Data extracted from a collection:
*** Block opens ***

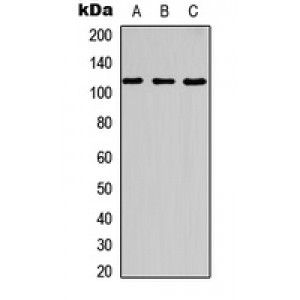 LifeSab™ c-CBL (pY700) Rabbit pAb (50 µl)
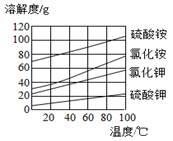 【推荐1】如图是四种物质的溶解度曲线图,请回答下列问题.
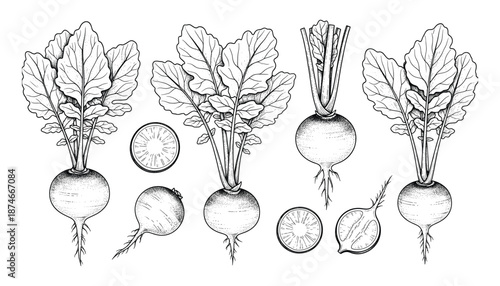 Detailed hand drawn beet root vegetables with leaves and cross sections graphic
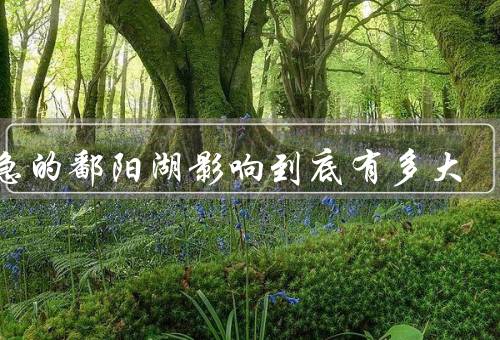 告急的鄱阳湖影响到底有多大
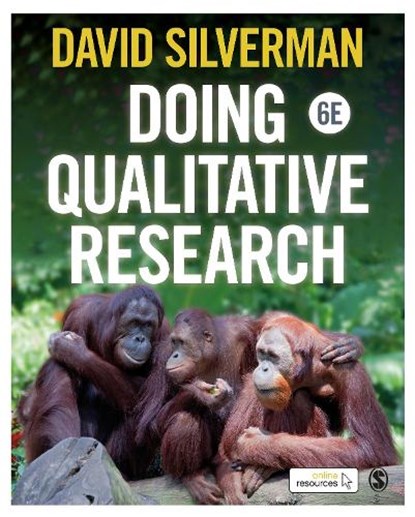 Doing Qualitative Research, Silverman - Paperback - 9781529769005
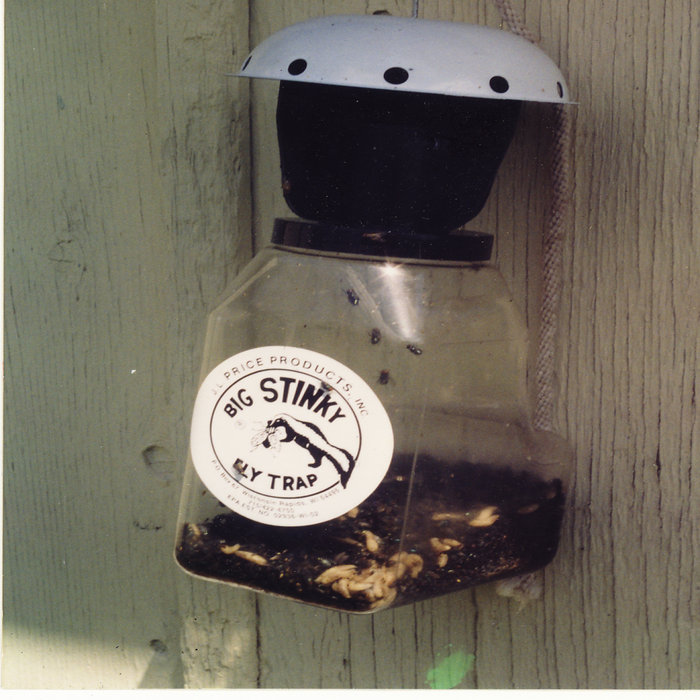 Big stinky fly trap cheap instructions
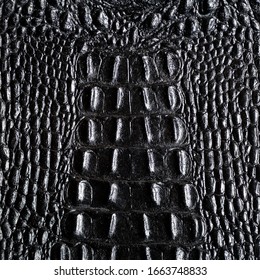 Crocodile skin pattern texture. Print Crocodile Texture Leather, Dark Reptile Background.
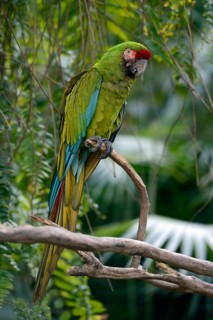 Great green macaw (Ara ambiguus)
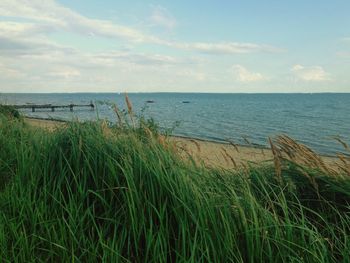 Grass growing by sea against sky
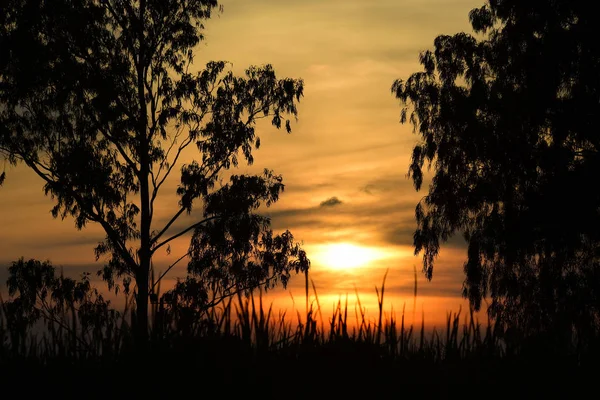 Τοπίου Ηλιοβασίλεμα Πεδίο Και Τον Ουρανό Σκούρο Clouds Sunset Στο — Φωτογραφία Αρχείου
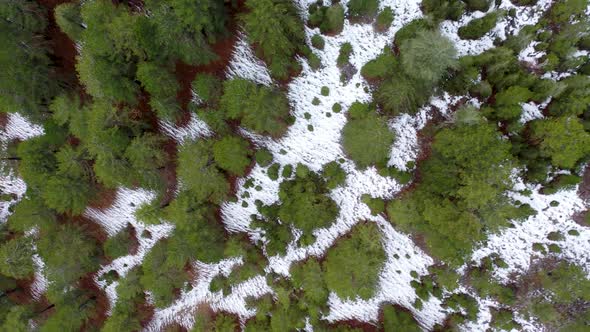 Soft Winter in the Mountains Aerial View 4 K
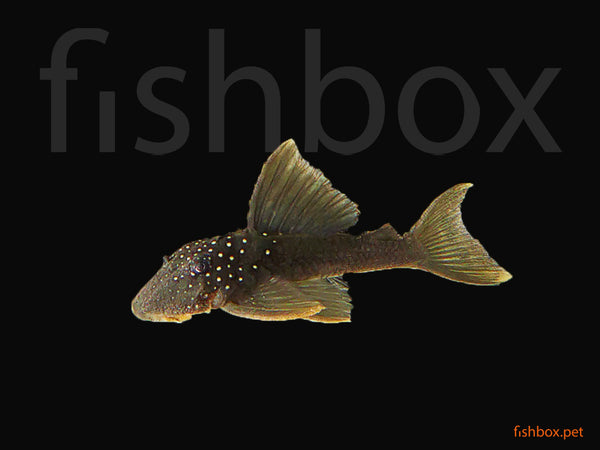 L200 Hemiancistrus subviridis - fishbox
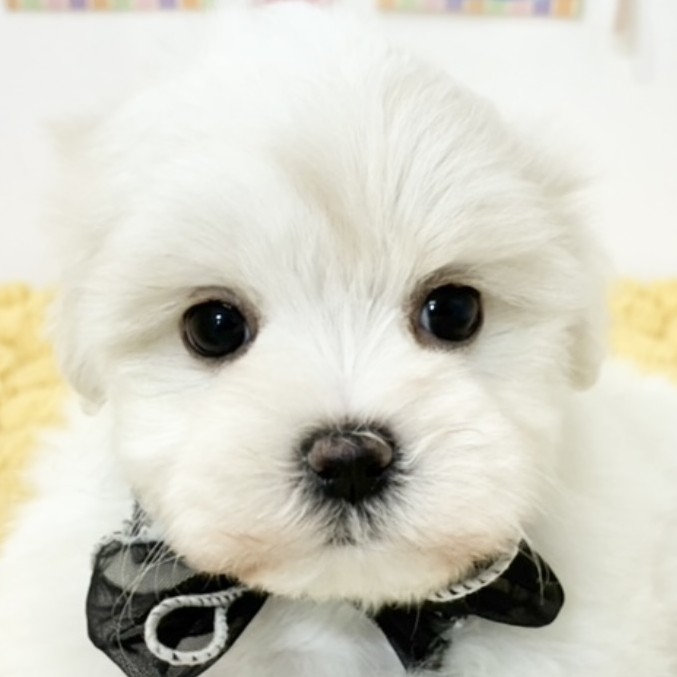 岐阜県のハーフ犬・ミックス犬 (犬の家＆猫の里カラフルタウン岐阜店/2026年2月5日生まれ/女の子/ホワイトクリーム)の子犬の1枚目の画像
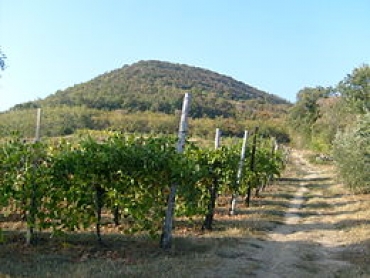 VENETO: 200 MILA EURO DELLA REGIONE AL PARCO DEI COLLI EUGANEI PER ERADICARE I CINGHIALI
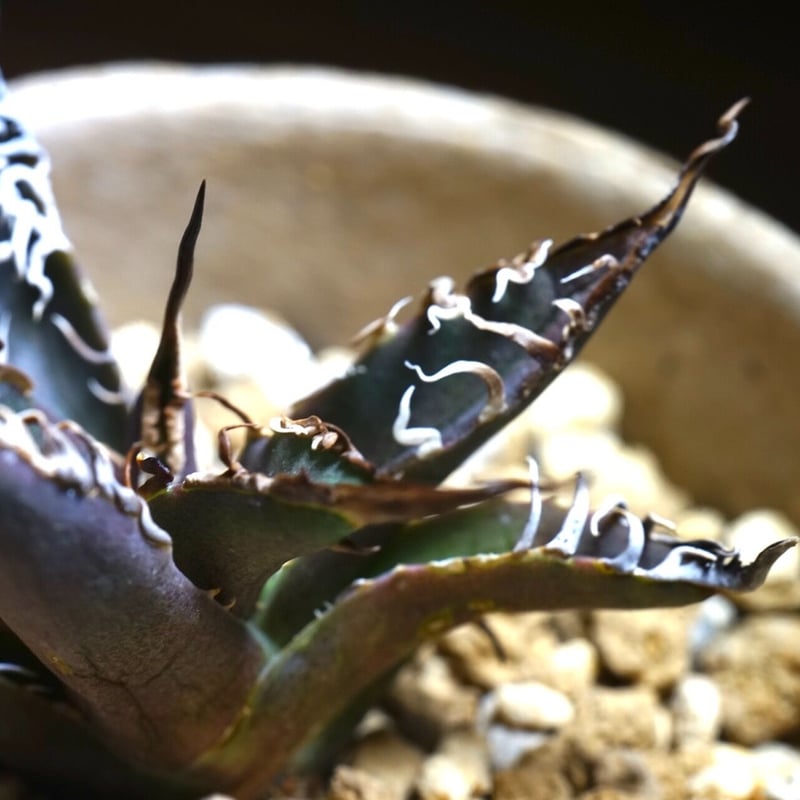 アガベチタノタ シーザーCaesar 台湾輸入株！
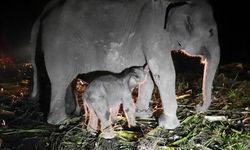 Bayi Gajah Sumatera Lahir dengan Sehat di Bengkalis
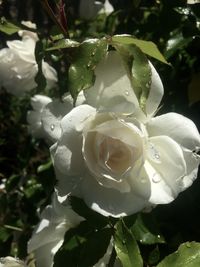 Close-up of white flowers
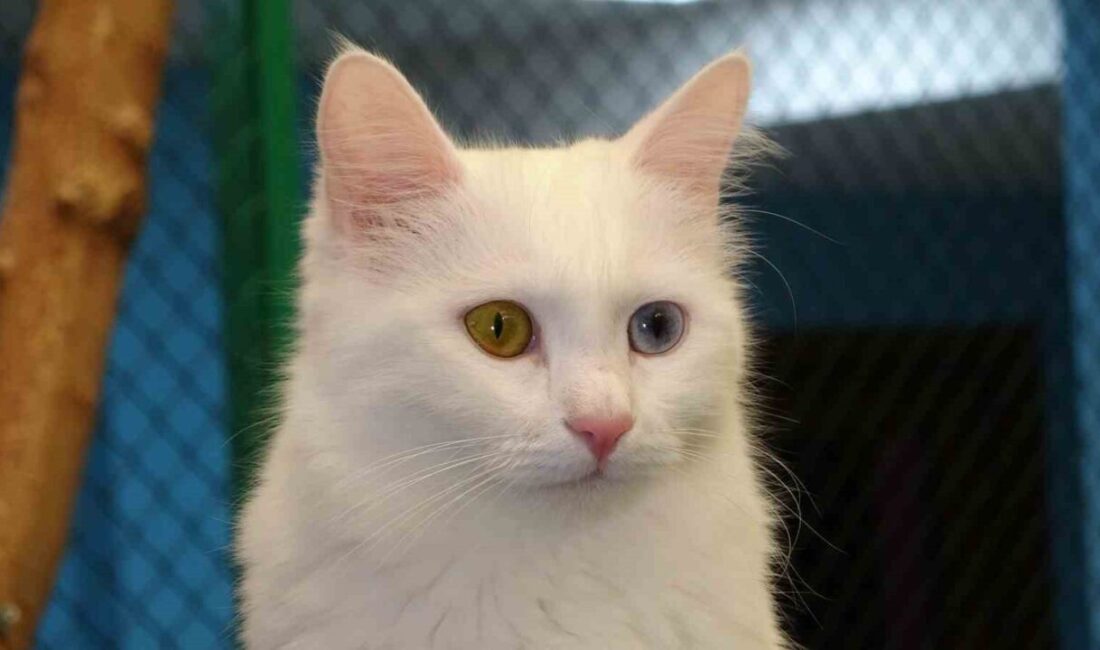 Van Kedisi Araştırma ve Uygulama Merkezi Müdürü Prof. Dr. Abdullah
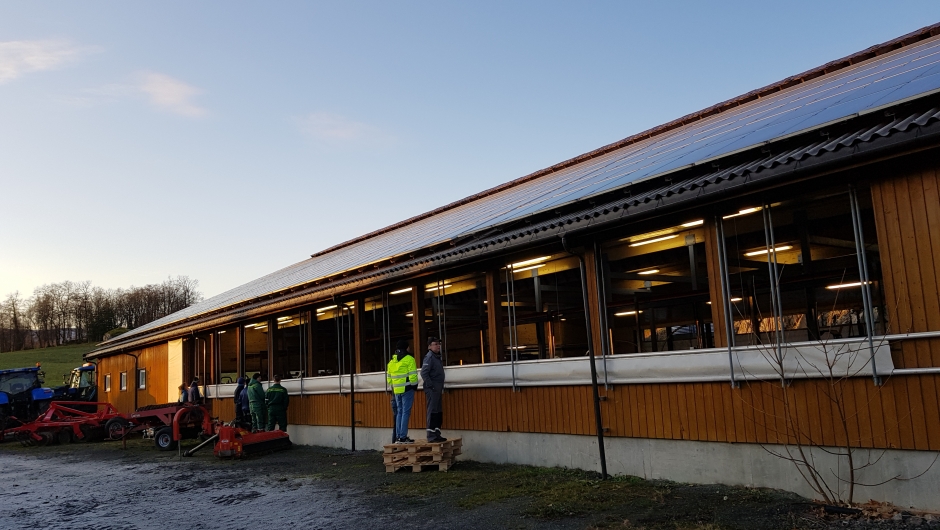 Fjøset har lufting på sidene og i taket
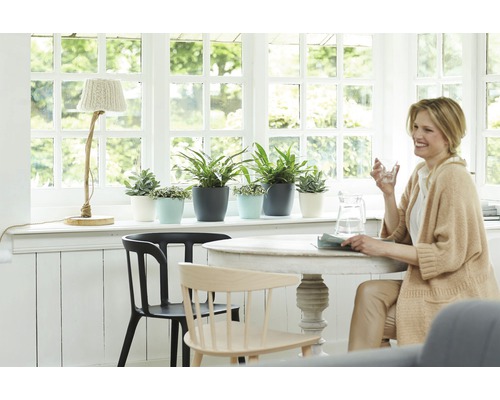 Helle Raumszene mit Tisch, Stühlen und Pflanzen in Übertöpfen am Fenster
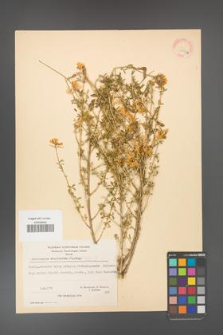 Adenocarpus complicatus [KOR 20937a]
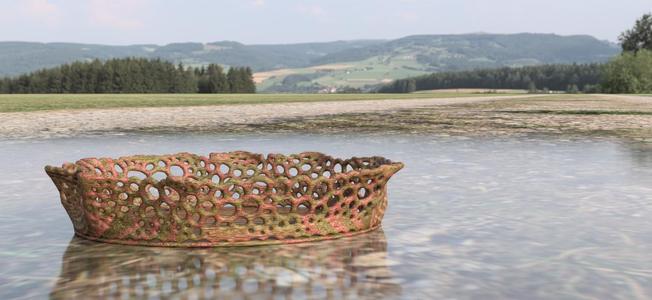 Bowl v7 (bigger more robust)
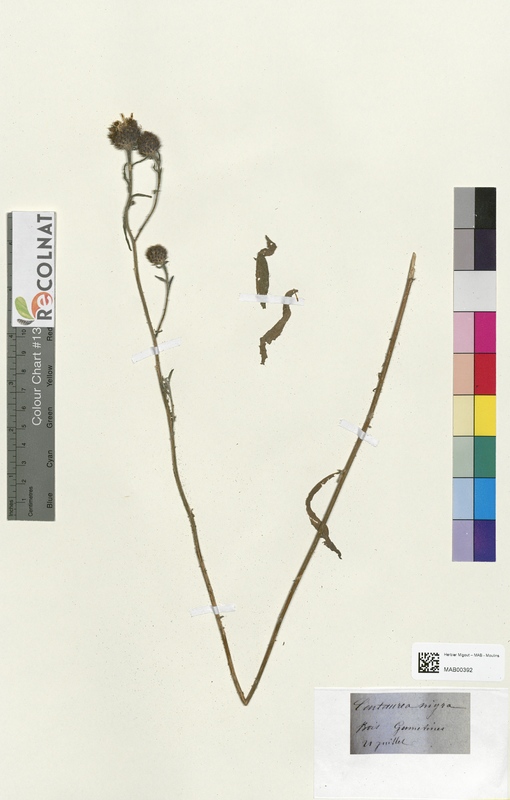 Centaurea nigra (Asteraceae)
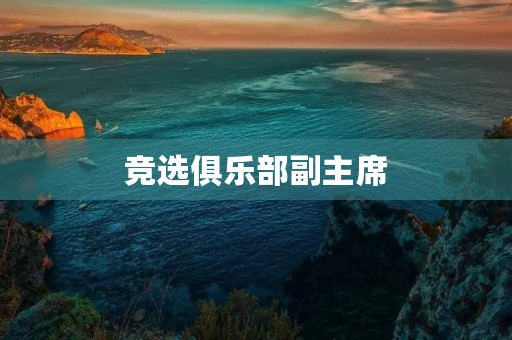 竞选俱乐部副主席 竞选俱乐部副主席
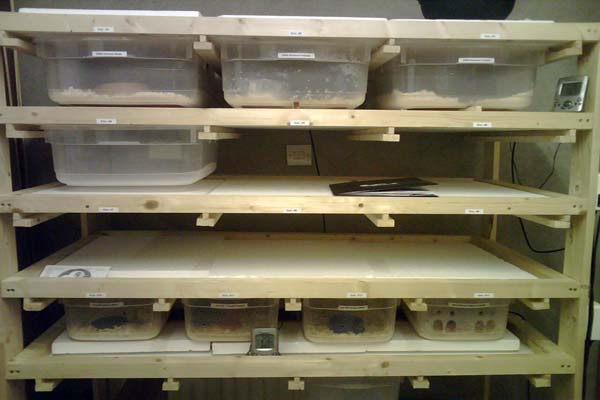 BP Rack Set Up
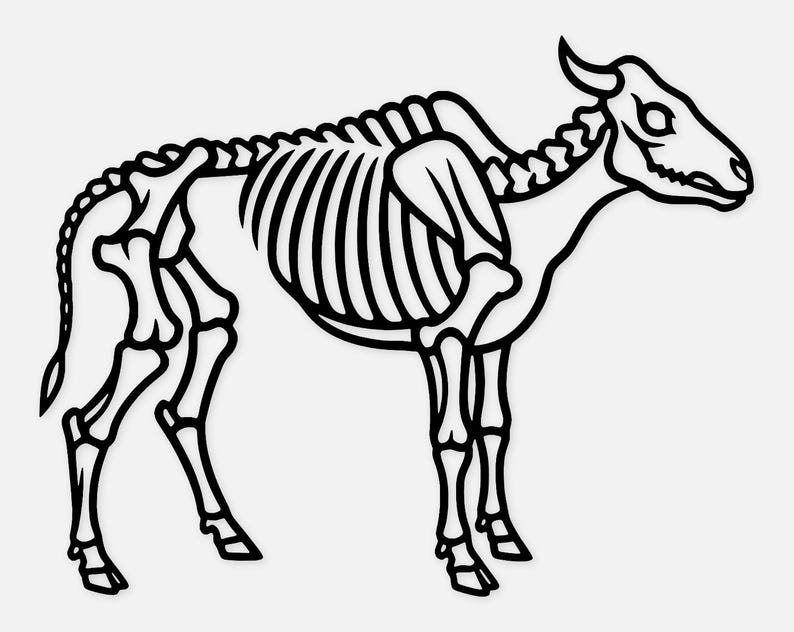Cow Skeleton Line Drawing Cow Skeleton Outline Svg Png: Clean Black and White for Cricut Projects ...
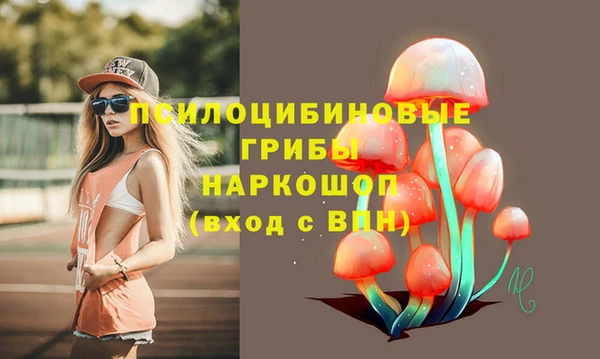 a pvp Богородицк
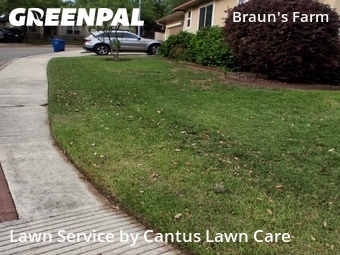 Lawn Care Service nearby San Antonio, TX, 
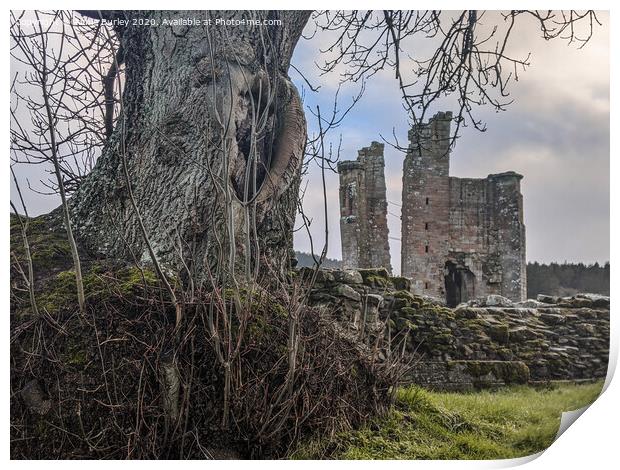 Tree and Castle   Print by Aimie Burley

*** Block closes ***

### What you are asked to do
Each line from the one with "Fjøset har lufting på sidene og i taket" through the end of the entries should be reproduced exactly. Leave out the pictures.

### Output of the task
 Fjøset har lufting på sidene og i taket
 Helle Raumszene mit Tisch, Stühlen und Pflanzen in Übertöpfen am Fenster
 Adenocarpus complicatus [KOR 20937a]
 Bowl v7 (bigger more robust)
 Centaurea nigra (Asteraceae)
 竞选俱乐部副主席 竞选俱乐部副主席
 BP Rack Set Up
Cow Skeleton Line Drawing Cow Skeleton Outline Svg Png: Clean Black and White for Cricut Projects ...
 a pvp Богородицк
 Lawn Care Service nearby San Antonio, TX, 
 Tree and Castle   Print by Aimie Burley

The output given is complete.